Firman sendiri mengakui, kehidupan kepartaian di lndonesia belum berbasis pada sistem, melainkan masih bergantung pada ketokohan atau figur. Ketika figur itu kuat dan mendapatkan dukungan luas dari publik, partainya pun berkembang pesat. Demikian pula sebaliknya.
“[Partai] Ummat yang mengandalkan Amien Rais atau Partai Kebangkitan Nasional (PKN) yang mengandalkan Anas Urbaningrum [belum cukup]. Apalagi situasinya secara politik itu belum bisa diandalkan untuk bertarung secara ide. Kalau sekedar ada [parpol baru], saya kira bisa,” jelasnya.
Peneliti Senior Populi Center, Usep Saepul Ahyar, menambahkan jika dilihat dari hasil Pemilu 2024 kemarin hampir mayoritas bahkan dimenangkan oleh parpol-parpol lama. Sudah bisa dipastikan tidak ada parpol baru yang lolos ke senayan, sehingga ini mejadi tantangan sendiri untuk parpol baru, termasuk bagi Anies Baswedan.
“Partai-partai baru itu relatif masih harus berjuang banyak ya. Termasuk PSI, Perindo, kemudian Garuda dan lain sebagainya,” ujar dia saat dihubungi Tirto, Senin (2/9/2024).

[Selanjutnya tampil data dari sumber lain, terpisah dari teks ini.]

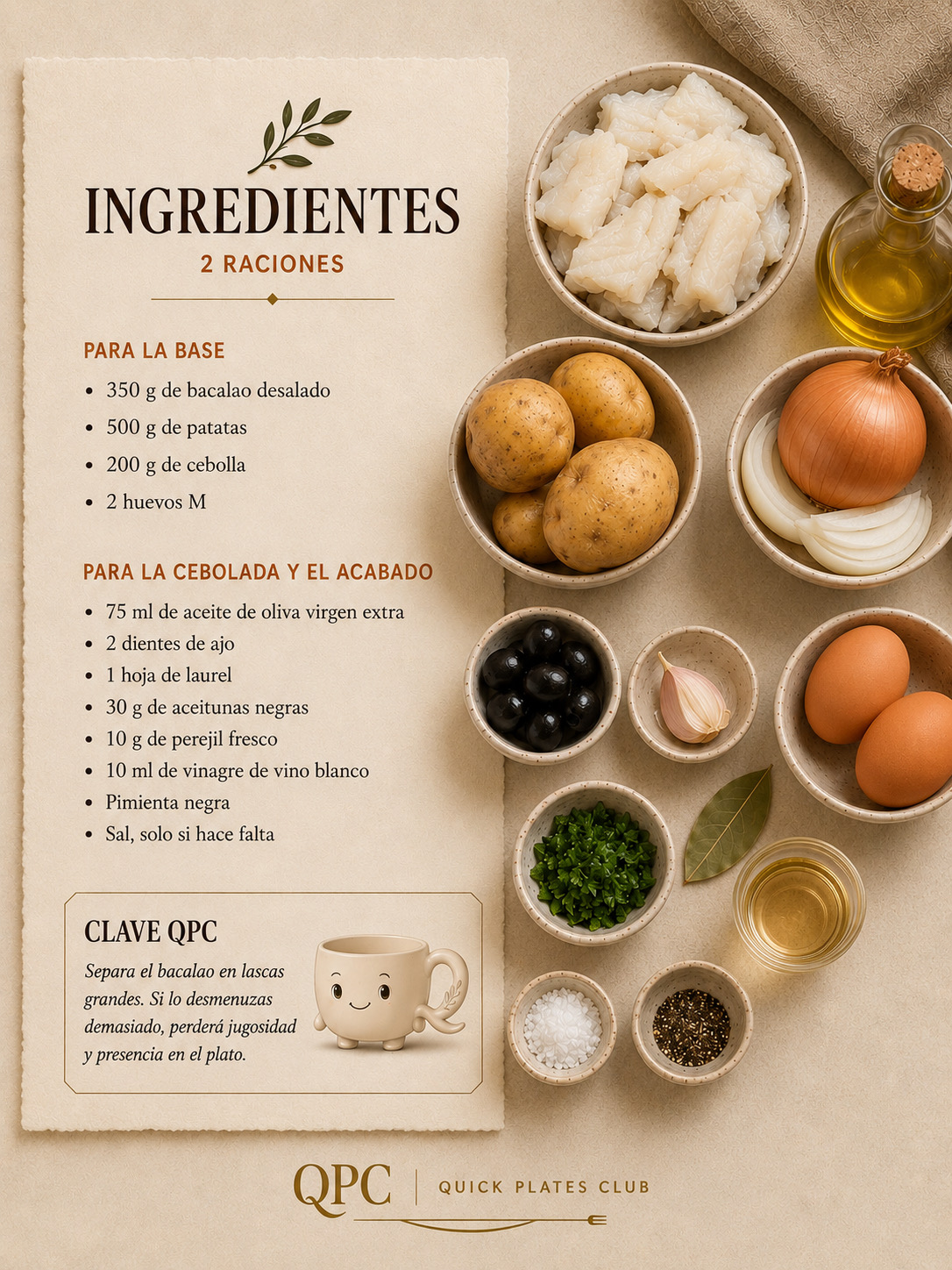 Bacalao a la portuguesa - ingredientes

Menurut Usep, jika Anies ingin tetap mendirikan parpol harus benar-benar mampu membuat identitas kepartaian yang berbeda dengan partai-partai lama. Jika selama ini dia sering bertumpu pada gagasan atau pemikiran, sudah seharusnya partai politik besutan Anies merumuskan sebuah gagasan politik yang berbeda dengan yang berlaku sekarang, sehingga bisa menarik minat warga.

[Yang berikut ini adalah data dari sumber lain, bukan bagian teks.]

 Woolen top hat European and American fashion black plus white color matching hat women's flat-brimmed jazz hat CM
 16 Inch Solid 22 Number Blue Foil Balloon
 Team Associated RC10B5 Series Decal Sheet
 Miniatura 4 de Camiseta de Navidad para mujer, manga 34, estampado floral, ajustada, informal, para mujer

“Kalau sama aja wataknya itu masyarakat juga ‘ya sudah lah, sebaiknya partai lama’. Tapi kan memang semangatnya perubahan untuk masalah demokrasi, bisa mengambil pembeda itu,” ujar dia.

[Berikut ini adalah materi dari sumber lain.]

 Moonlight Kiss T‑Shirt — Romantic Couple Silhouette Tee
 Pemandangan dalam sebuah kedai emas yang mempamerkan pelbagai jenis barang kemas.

Sebagai contoh, sumber daya manusia partai yang didirikan Anies nanti diisi oleh orang-orang yang justru tidak puas dengan kinerja Presiden Joko Widodo (Jokowi) dan Prabowo Subianto. Jika orang-orang tersebut diakomodir dalam satu organisasi hingga menjadi pembeda dengan lain.
“Kemarin-kemarin ada semacam partai kayak PSI yang mungkin akan menjadi pembeda. Tapi ternyata layu sebelum berkembang. Dia wataknya ternyata sama aja kan dengan partai-partai yang lama. Ini tantangannya saya kira,” pungkas dia.